Alas, Kendrick had to hurry to a phone appointment before he could personally greet the appropriately masked Alexa Mathes, who was traveling from Brooklyn, New York, to Colorado with her husband — who was working Tuesday and unable to attend.

Knowing they’d be spending the day here, she had researched online what she could do to get to know the city in that time and found herself drawn to the NLBM in large part for its role as a symbol and repository of civil rights.

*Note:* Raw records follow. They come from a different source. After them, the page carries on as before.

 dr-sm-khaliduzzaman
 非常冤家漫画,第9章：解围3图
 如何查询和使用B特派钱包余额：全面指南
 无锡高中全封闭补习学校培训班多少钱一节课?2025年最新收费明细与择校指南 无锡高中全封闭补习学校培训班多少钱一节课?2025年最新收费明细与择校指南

“I’m interested in learning more about the Black experience and the history of the Black experience and what that means in the context of today but also in the context of generations prior,” said Mathes, science editor for Newsela.

Noting that people who are not of color have work to do on developing “empathy and appreciation” of that experience, she later added, “I think we want to be on the right side of history. And it seems like there’s a choice you can make now, and there’s a choice you can make in the future. And I’d like to make that choice now for the future.”

The reinvigorated pursuit of police reforms and racial equality in the wake of the killing of George Floyd beneath the knee of Minneapolis police officer Derek Chauvin makes the reopening particularly relevant. But that’s not the only percolating current event that resonates with — or is it reverberates from? — the museum.

With the specter of the COVID-19 coronavirus pandemic hovering, a caustic breakdown in negotiations between Major League Baseball and the MLB Players Association has threatened the very season even as other professional sports leagues zero in on resumption of play in the near future.

From where we sit, the onus of this is on the owners.

But be that as it may…

“There’s a happy medium somewhere, and hopefully we’ll get to it,” Kendrick said. “But I do hope that both sides understand that the country really does need baseball right now. Baseball has always been there for us throughout.”